Se non fosse stato per le femministe che urlavano la loro libertà sessuale per le strade, a costo di essere reputate spregiudicate e spregevoli, non saremmo qui, libere di scegliere un partner, per una sera, per un ora o per tutta la vita, oppure anche di non sceglierlo.
Se non fosse stato per la parte ribelle e controcorrente di alcune, le stesse si troverebbero ancora in posizioni di subalternità o inchiodate in ruoli da “brava ragazza” senza bisogni e desideri.
Un'amica ieri ha scritto un post sul significato del colore rosa (lo trovi qui), mentre io già mi trinceravo dietro a queste righe maledette e rivoluzionarie, e le sue parole mi hanno aiutata.
Il rosa è il colore dell'inconsapevolezza, della nostra parte ingenua che non conosce il mondo e non ha esperienza. Ecco perché il rosa piace tanto alle bambine: le rappresenta, le coccola, ammorbidisce, rimanda a sensazioni ovattate e non pericolose. Ed è anche uno dei motivi per cui è più consolatorio, da parte dei maschi, associarlo al mondo femminile: la donna che ha troppa familiarità col nero e col grigio potrebbe essere una strega! ;-)
Ecco perché spesso in adolescenza nasce quell'irresistibile attrazione per il colore della notte: si comincia a conoscere, ci si vuole emancipare, si è attratte dal proibito, dallo sconosciuto, dal rischio e dal dolore, perché grazie ad essi si fa esperienza e si cresce.
Ma una donna che sa, che ha fatto le sue esperienze, che non si lascia sopraffare è un pericolo e quindi viene ostacolata e combattuta, e non tutte hanno la tenacia di perseverare in questo percorso, alcune soccombono, altre si arrendono, terze di perdono... relegando le energie che hanno dato vita a questo risveglio, nei meandri più reconditi di sé, rinnegando sfumature e identificandosi con modelli stereotipati.
Oggi voglio invece festeggiare proprio quelle subpersonalità imprigionate, incatenate, condannate agli inferi. Ma non è un incitamento alla ribellione. Vuole essere un invito a fargli visita, vederle e riconoscerle, perdonarle, se c'è bisogno.
In alcune favole, nei cartoni animati o nei film, si assiste alla lotta del bene contro il male: i buoni alla fine vincono sempre sui cattivi. Reinterpretando questa lotta, che non è altro che la simbolizzazione del conflitto perenne che ci portiamo dentro, lungo l'arco della nostra vita, mi viene da dire che l'elemento indispensabile è proprio l'affrontare la parte ombra, quella che ci fa più paura, perché solo riconoscendola la si può superare e inglobare nella nostra personalità, rendendola più accettabile ed edulcorandone gli istinti più complicati. Questa è la vincita: l'inclusione, non l'eliminazione.

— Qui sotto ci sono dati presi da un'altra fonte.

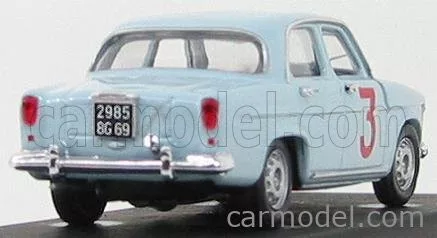 ALFA ROMEO  GIULIETTA TI N 3 RALLY MONTECARLO 1960 E.CARLSSON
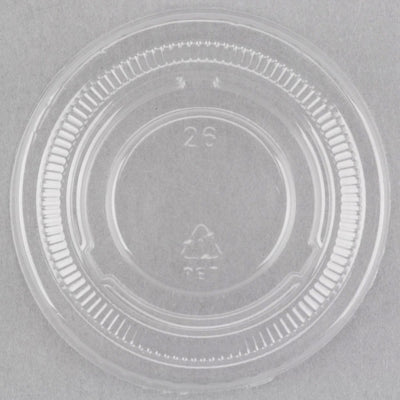 Plastic Lid for 3.25 to 5.5 oz. Portion Cup - 100/Pack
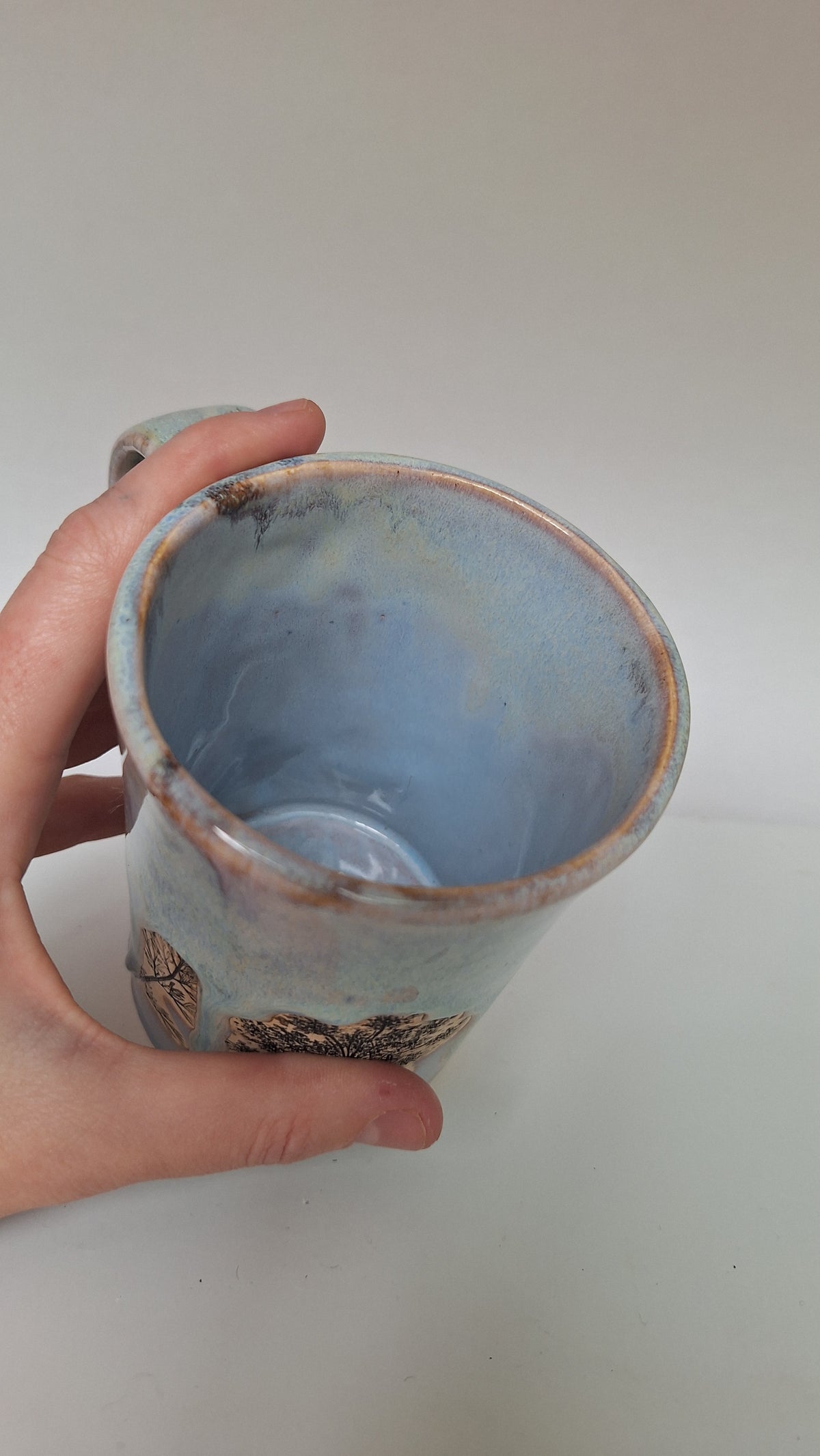 Wild Carrot Mug - Botanical Imprint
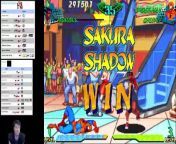 (ARC) Marvel Super Heroes vs Street Fighter - 20 - Sunburned Sakura and Shadow - Lv Expert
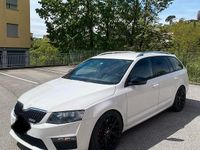 Usata Skoda Octavia RS 184 CV (135 kW) 2014 Bianco Station wagon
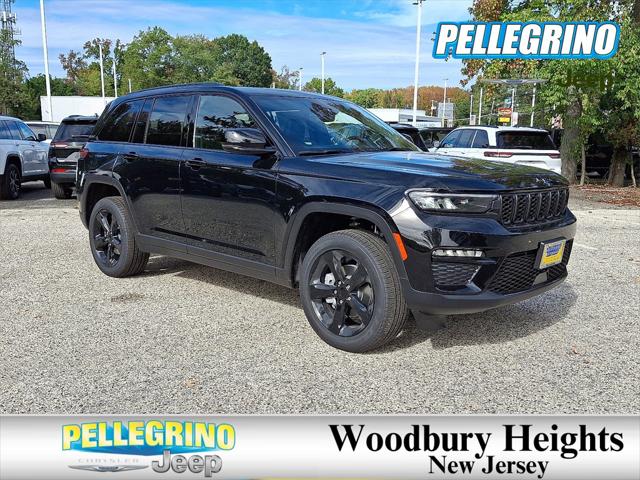 2025 Jeep Grand Cherokee GRAND CHEROKEE LIMITED 4X4 2025 Jeep Grand Cherokee GRAND CHEROKEE LIMITED 4X4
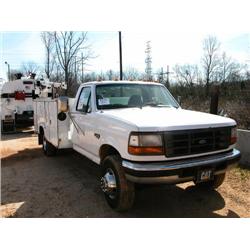 1997 FORD F SUPER DUTY SERVICE TRUCK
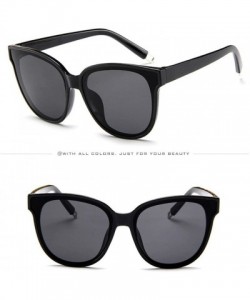 Oversized Classic Sunglasses Oversized Reflective - D - CM199SDZUS8 $7.72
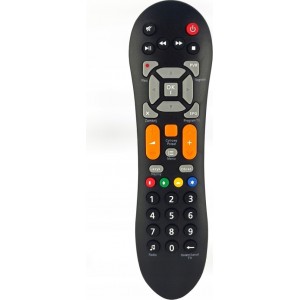 Remote controller for HD7000/HD5000/ HD3000 no logo, orange buttons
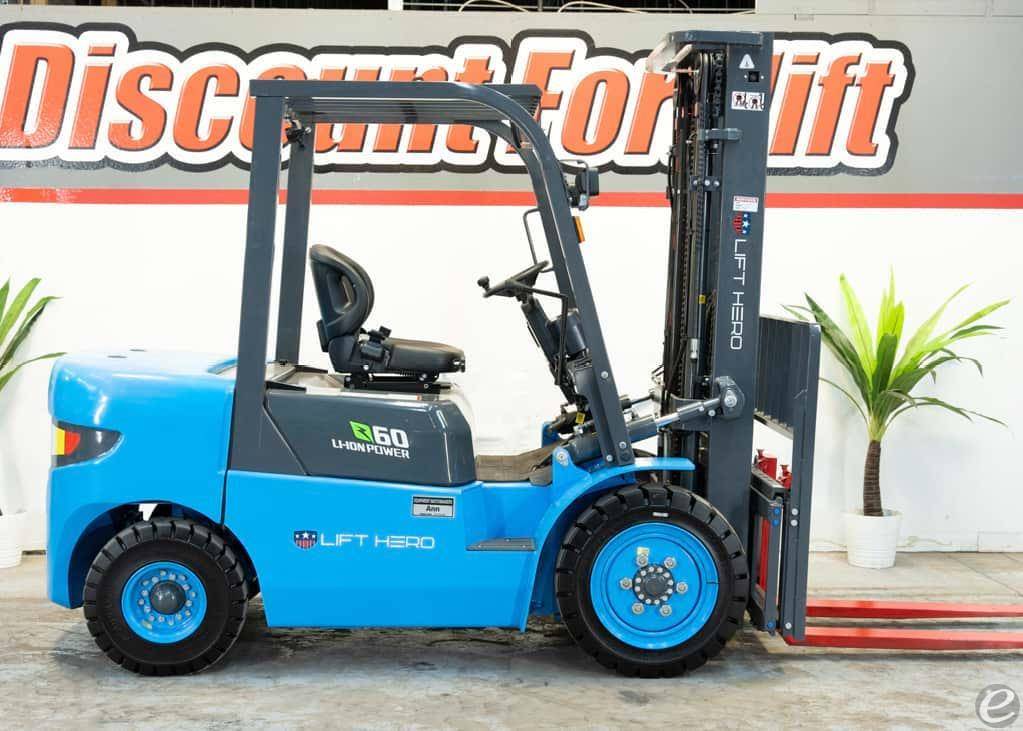 2024 Lift Hero CPD30 Electric Forkl...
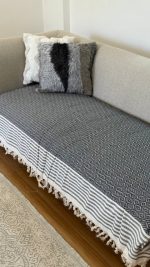 شال و کاور مبل ترکیه کتا - Image 7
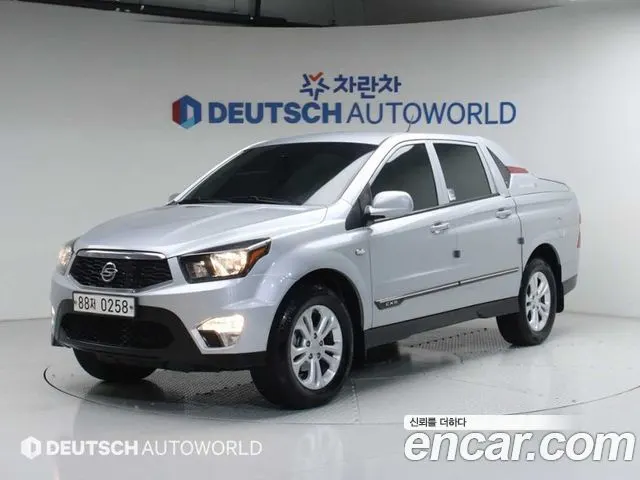 KGM KORANDO SPORTS 2018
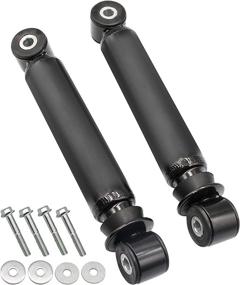 img 4 attached to 🔧 EZGO RXV Drive-Up Rear Shock Absorbers for Gas Electric Golf Carts 2008-2014, Replacement for OEM Part Numbers 603637 and 611724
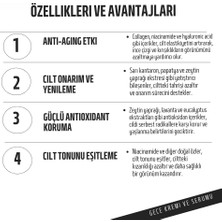 D-Line Cilt Yenileyici Anti Aging Gece Kremi ve Gece Serumu İkili Set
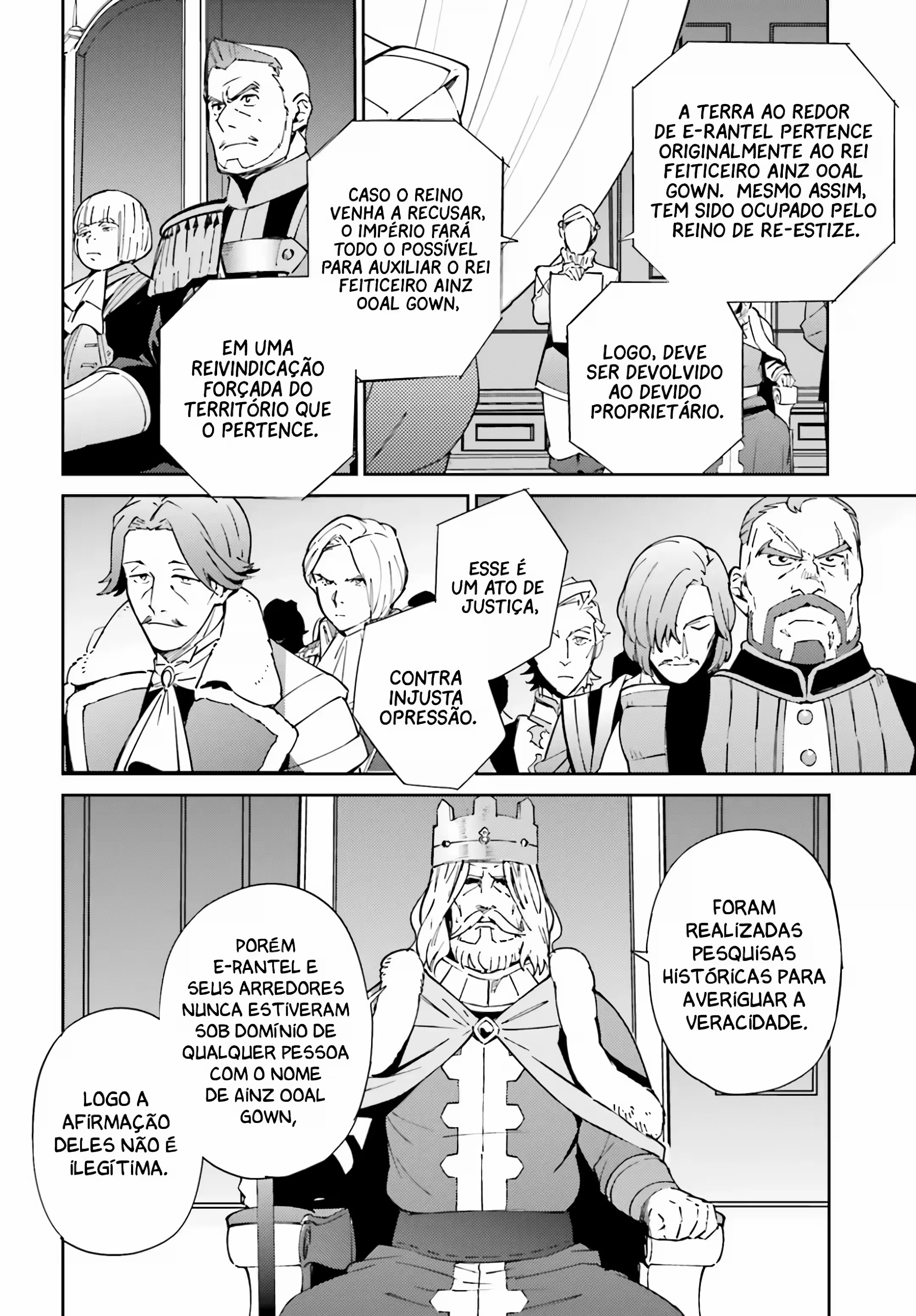 Overlord capítulo 69 página 4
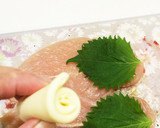 さくさく☆巻き巻きチーズの鶏ささみフライ作り方7写真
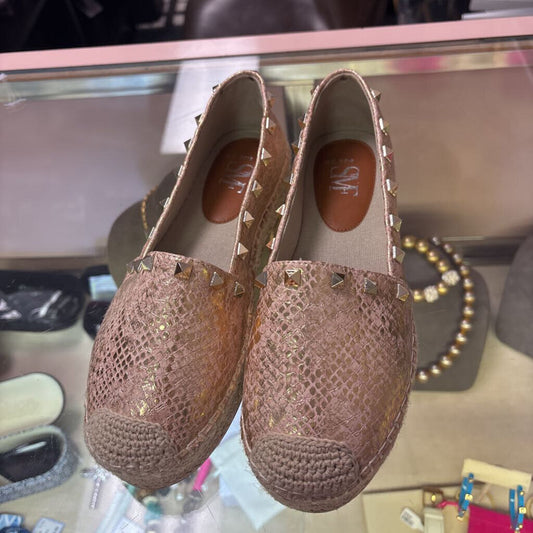 SMF - Snakeskin Espadrilles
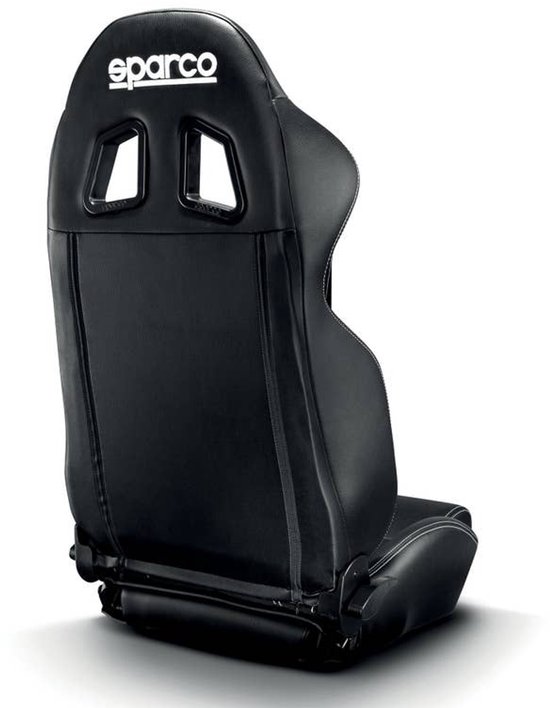 Sparco Martini Racing Racestoel R100 MY2022 Martini Racing Auto-accessoire - Zwart - Maat Onesize van Sparco — afbeelding 2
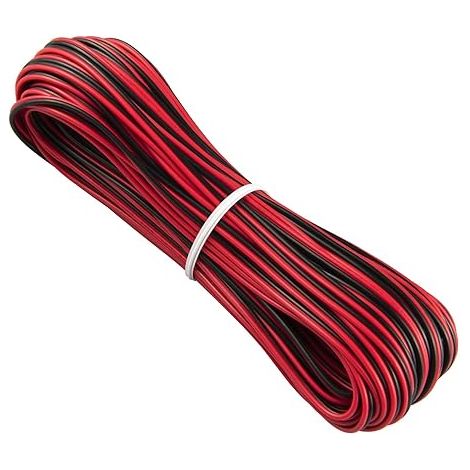 Electric Wire Extension Cable Red/Black for LED Strip, Electronic DIY (1/4)
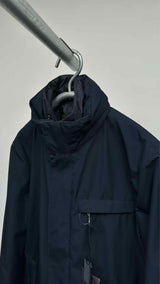 PRADA Technical Fabric Raincoat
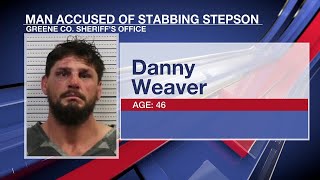 Man accused of stabbing stepson [upl. by Neimad]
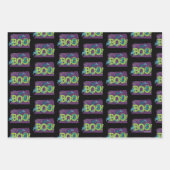 セウス博士 | BOO!ハロウィーングラフィック ラッピングペーパーシート (正面3)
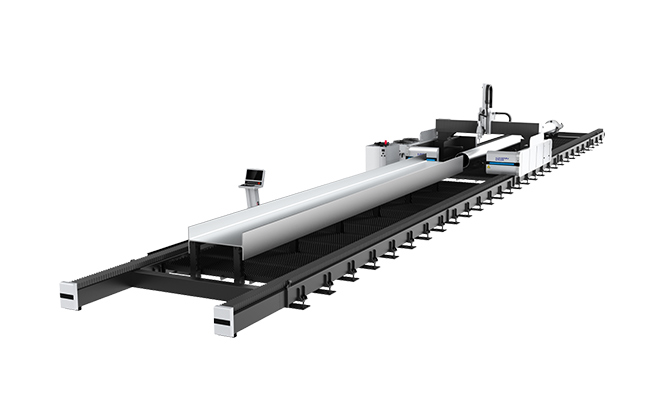 H-Beam machine render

Occorre uscire dalla logica perversa dell'aut – aut, bianco o nero, luce o buio, perché servono entrambi.
Occorre provare la sintesi. Avventurarsi nel grigio.
perché la donna bianca ideale, seducente ma non puttana, bene accasata ma non cancellata, che lavora ma senza riuscire troppo, per non schiacciare il suo uomo, magra ma non maniaca della dieta, che rimane giovane a tempo indefinito senza farsi sfigurare dai chirurghi estetici, madre realizzata ma non totalmente assorbita da pannolini e compiti per la scuola, buona padrona di casa ma non casalinga tradizionale, colta ma meno di un uomo, questa donna bianca, felice che ci viene costantemente brandita sotto il naso, quella a cui ci si dovrebbe sforzare di assomigliare, a parte il fatto che ha l'aria di rompersi le scatole per poco, a ogni modo non l'ho mai incontrata, da nessuna parte. Credo proprio che non esista” afferma la Despentes.  
Io in realtà credo che esista, a patto che sostituiamo tutti quei “ma non”... con molti “anche”, (seducente e anche puttana, ben accasata e a volte anche cancellata, che lavora riuscendo, ma anche no, che decide che non ha bisogno di schiacciare il suo uomo, magra e maniaca della dieta in un periodo o grassa e maniaca del cibo in un altro... ) a patto quindi che includiamo piuttosto che separare, perché sono convinta che anche dietro alla trasgressiva e arrabbiata Despentes si nasconda una tenera, pudica e ingenua fanciulla.

Buon 8 marzo a tutte, qualsiasi donna decidiate di essere oggi.